Travellers arriving in Hong Kong from China will no longer need to quarantine, Hong Kong's top official said Tuesday, easing curbs imposed after summer outbreaks of the coronavirus on the mainland.
Starting Wednesday, people who haven't been to medium- or high-risk areas on the mainland or Macao can enter the city, capped at 2,000 travellers daily, chief executive Carrie Lam said in a news conference. Travellers will still need a negative COVID-19 test prior to arrival and must take several tests while in Hong Kong to ensure they're not infected.
Hong Kong halted quarantine-free travel in early August and imposed a mandatory quarantine period of seven or 14 days, depending on the traveller's vaccination status. Hong Kong's “zero-COVID” strategy has seen authorities impose strict border restrictions and ban flights from extremely high-risk countries, in the hopes that no local community spread would allow it to reopen borders with mainland China.
Currently, China has strict border restrictions that allow only Chinese nationals or those with valid residence permits and visas to enter the country, and all travellers are required to quarantine at least 14 days. Since the beginning of the pandemic, most Hong Kongers haven't been able to freely enter mainland China.

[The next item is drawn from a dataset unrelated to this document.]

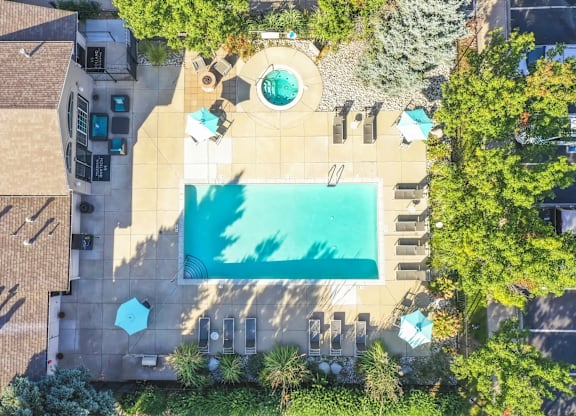 a birds eye view of the pool at the resort at longboat key club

Restrictions will ease further next Wednesday, when mainland residents will be able to enter the city without quarantine via the Shenzhen Bay port and via the Hong Kong-Macau-Zhuhai Bridge, capped at 1,000 visitors each, Lam said. These visitors will also need to test negative before travelling.
The changes, part of the “Come2HK” plan announced Wednesday, are expected to boost the city's tourism industry, which took a beating during months of political strife in 2019 and pandemic-related border restrictions. Tourist numbers fell by as much as 99% in 2020 compared to pre-pandemic levels.